Although Jacob had resided in the land of Canaan for many years, he had only come to own a small plot of land in that place. In Egypt, although foreigners and possibly viewed with suspicion (as Shepherds - a job looked down upon by the Egyptians), Jacob had been able to acquire 'property in the best part of the land' (47:11). He has escaped the famine, life has the outward appearance of looking secure, but Jacob's heart is still in Canaan. Why? Because he trusts in the promises of God.
As we come to Chapter 48, the end of Jacob's earthly days are near, and Joseph carries out what seems to us a very natural activity - goes to visit his father with his two sons, Ephraim and Manasseh. However, what happens next needs a little more digging!
Why does Jacob declare Joseph's sons to be his own? A first reading in which we overlay our own cultural assumptions renders the act highly presumptuous - imagine grandparents now declaring that their grandchildren belonged to them and not the children's parents?! However, this is not just a case of relationship, but of legal standing and adoption. His adoption of Joseph's sons gives them the same status as Jacob's own children, particularly in the matter of inheritance, and being allotted land in Canaan in the future. First, if we follow from verse 3, we see that this act comes not out of trying to make up for a loss, but flows from blessing. Jacob is essentially saying: God has blessed me, so I will now pass on that blessing by bringing in two more children to share in my inheritance.
However, there is more to it that this. Manasseh and Ephraim have been born in Egypt. To those around them, it is probable that they would have been associated with the prestige of Joseph, who not only was Egypt's deliverer, but also married to an Egyptian. They were 'of Egypt'. It is likely that they would have been materially wealthy.
Jacob and his family, on the other hand, although welcomed, were foreigners, strangers, did the jobs the Egyptians hated, and had not the prestige and wealth. But despite this, Jacob had no desire to become Egyptian, because he knew his God, and he knew the promises of his God. And so he beckons Manasseh and Ephraim to come and cast in their lots with their grandfather's family - bringing them securely into the fold, so that they will be drawn into the inheritance God has promised.

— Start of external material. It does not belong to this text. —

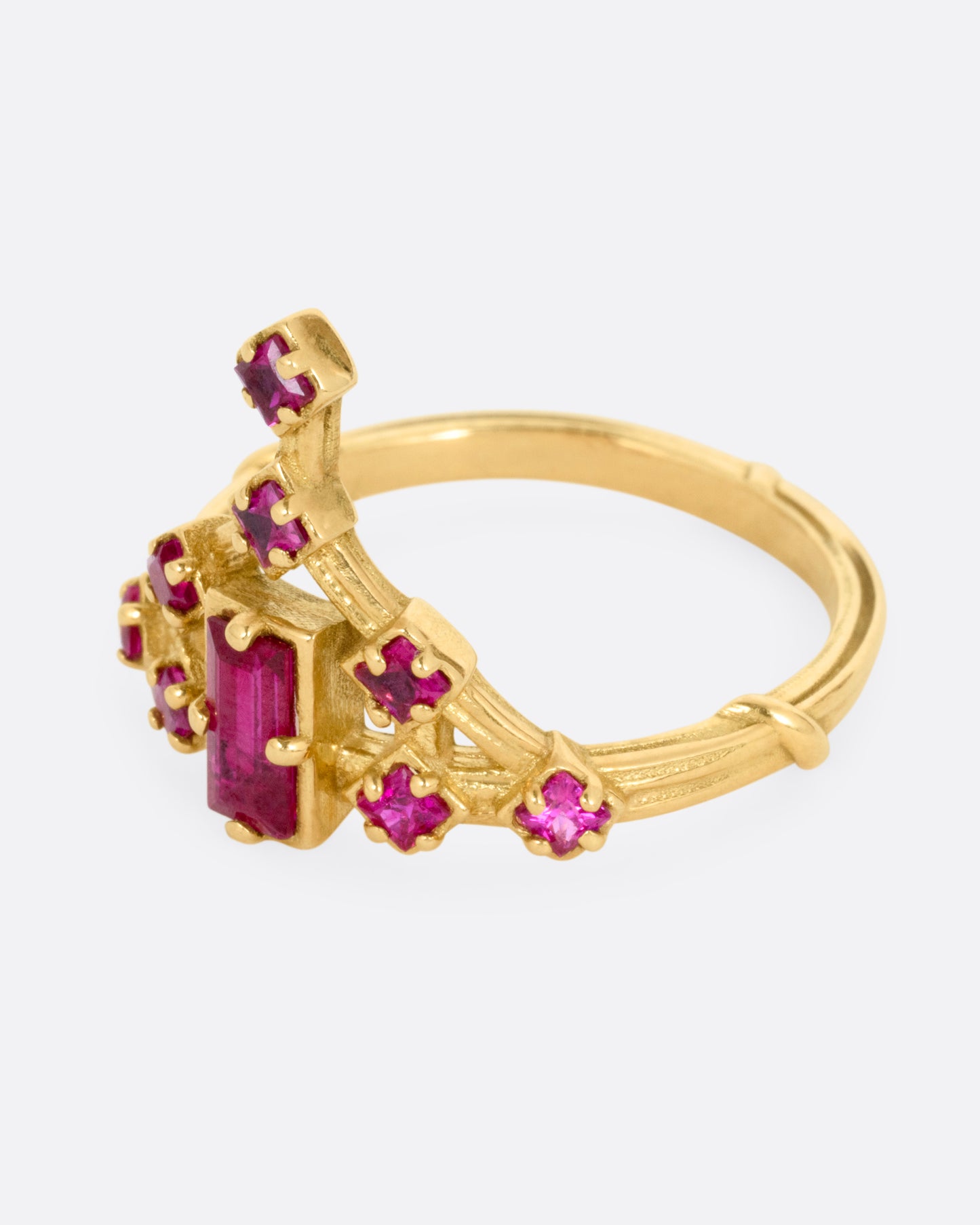 A yellow gold ring with a baguette ruby and princess cut ruby accents. Shown from the side.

We too, as believers, find ourselves being adopted into God's family in the same way as Manasseh and Ephraim. Worldly status means little (as demonstrated by the act of Jacob blessing the younger before the elder). We may or may not have status in the world, but regardless we may have an allegiance to it. God invites us to transfer our allegiance to him. In doing so, we become foreigners in this land, but we trust that there is a far greater promise at stake.

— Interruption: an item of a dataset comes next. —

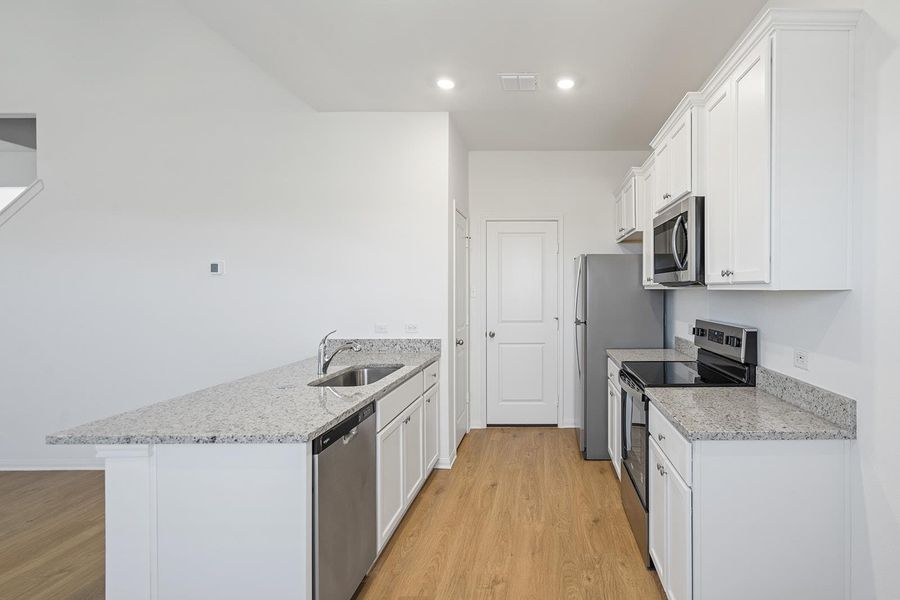 Kitchen includes energy efficient Whirlpool® kitchen appliances. Kitchen includes energy efficient Whirlpool® kitchen appliances.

The writer of Hebrews sums up what Jacob, along with so many others, lived out:
All these people were still living by faith when they died. They did not receive the things promised; they only saw them and welcomed them from a distance, admitting that they were foreigners and strangers on earth. People who say such things show that they are looking for a country of their own. If they had been thinking of the country they had left, they would have had opportunity to return. Instead, they were longing for a better country—a heavenly one. Therefore God is not ashamed to be called their God, for he has prepared a city for them. (Hebrews 11:13-16)
How do we live? Do we live as though this were our home, or as if our home is in the new Canaan - the inheritance that is eternal life through and in Christ? Let us not get distracted, but look heavenward.